Some of the best places to order it in town are restaurants Al Sorso Preferito (where it all began), Escodirado, Chez Jo, Giampà, and Ai 2 Ghiottoni, where you can try other twists like assassin spaghetti with turnips.
Romans often joke about how such a garlic-imbued delicacy keeps everyone at bay–a “natural” vampire-slayer.
In Rome, there’s a similar, lighter, and plainer “white” gourmet variant without any tomato sauce. It’s called spaghetti aglio, olio e peperoncino–a.k.a. spaghetti fried in garlic, olive oil, and chili peppers. Romans often joke about how such a garlic-imbued delicacy keeps everyone at bay–a “natural” vampire-slayer.
Bari’s assassin spaghetti is nastier than the Roman ones, “more brutal” as Italians would say. It defies healthy eating habits and suits people who have practically been weaned on deadly red chili peppers shaped like little horns and greasy, oily tomato sauces.

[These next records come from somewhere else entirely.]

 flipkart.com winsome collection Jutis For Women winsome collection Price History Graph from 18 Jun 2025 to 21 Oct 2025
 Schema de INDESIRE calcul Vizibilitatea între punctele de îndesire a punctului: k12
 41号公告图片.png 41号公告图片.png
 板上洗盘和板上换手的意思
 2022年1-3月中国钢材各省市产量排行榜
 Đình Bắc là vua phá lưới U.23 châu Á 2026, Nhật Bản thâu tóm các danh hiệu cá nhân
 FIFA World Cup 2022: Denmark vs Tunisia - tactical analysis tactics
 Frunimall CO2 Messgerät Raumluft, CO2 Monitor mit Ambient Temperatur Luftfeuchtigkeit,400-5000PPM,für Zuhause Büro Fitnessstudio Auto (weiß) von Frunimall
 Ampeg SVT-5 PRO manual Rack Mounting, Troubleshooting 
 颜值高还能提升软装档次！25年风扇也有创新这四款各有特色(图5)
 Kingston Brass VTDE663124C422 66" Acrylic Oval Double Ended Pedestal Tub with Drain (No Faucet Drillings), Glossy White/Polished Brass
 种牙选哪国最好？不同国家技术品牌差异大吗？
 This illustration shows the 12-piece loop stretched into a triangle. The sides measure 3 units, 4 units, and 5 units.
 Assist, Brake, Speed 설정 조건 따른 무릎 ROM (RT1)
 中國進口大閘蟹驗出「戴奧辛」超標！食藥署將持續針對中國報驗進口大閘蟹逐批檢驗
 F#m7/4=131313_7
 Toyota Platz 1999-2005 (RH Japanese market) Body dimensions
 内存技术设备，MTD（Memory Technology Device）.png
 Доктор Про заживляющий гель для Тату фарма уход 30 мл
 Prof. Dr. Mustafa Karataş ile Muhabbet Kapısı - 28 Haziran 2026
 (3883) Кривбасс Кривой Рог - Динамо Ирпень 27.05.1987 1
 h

What makes it unique is the preparation technique. There are different and opposing versions of how it should be made. Some people in Bari say the pasta must be blanched in boiling water for just two minutes before being poured into a frying pan to be fried with the ingredients; others, like the Academy members, hold that the dry pasta should be added raw directly into the pan without prior boiling, while a few say the spaghetti should be prepared the day before. In fact, another tale on its origins suggests that assassin spaghetti was invented as a clever way to recycle the leftover pasta from the previous evening, which was simply revived by giving it a nice browning. Die-hard food purists in Puglia agree that the best way to prepare and enjoy it is by adopting a topsy-turvy method.
Usually, in all pasta dishes, the dressing is added after the pasta has been boiled to an ideal point–Italians say “al dente,” meaning neither mushy nor hard–but to prepare assassin spaghetti the dry pasta is thrown in the pan at the very end, after the tomato and ingredients have amalgamated, then slowly, boiling water with tomato extract is added at intervals to cook and rehydrate the spaghetti.
Also, traditionalists say the perfect kind of pan is a wide black iron one like those used by their grandmothers that were covered in previously fried oil, burnt at the bottom, and never washed to preserve the scents. In the old days, paper was used to wipe the iron pan. The large width allows the spaghetti to remain intact. However, given that it might be mission impossible to find such an antique item, a regular frying pan is OK and it’s also fine to break the pasta in half (although I’d never do it!), as long as you keep a very high flame.
So here’s how to prepare assassin spaghetti following the “topsy-turvy,” die-hard traditionalist method. And remember: never drink water with it, just chew morsels of bread.
Ingredients for Four People: 11 ounces of spaghetti, 1 pound of tomato puree, tomato paste, extra virgin olive oil, garlic, little chili peppers, fresh basil, salt
Time: Just 8-10 minutes!
1. Boil a broth with 12 ounces of tomato puree, tomato paste, salt.
2. In a pan, fry 3-4 ounces of olive oil, three garlic cloves, and little chili peppers (the horn-shaped variety) until they brown, then add 4 ounces of tomato puree, spreading it over the pan with a flat wooden spoon.
3. Place the dry, raw spaghetti inside the pan, spreading them out evenly to absorb the sauce. Add the basil leaves.
4. Caramelize the spaghetti until they are glossy before turning them over, regularly adding the broth to hydrate and prevent the pasta from sticking to the pan.
5. Let the sauce sizzle and start to simmer, lightly burning the spaghetti until they’re crispy and slightly stiff. That’s another reason for the name: the spaghetti must be tortured to death for you to fully enjoy it.
*Correction: An earlier version of this article included an incorrect amount of olive oil for the recipe.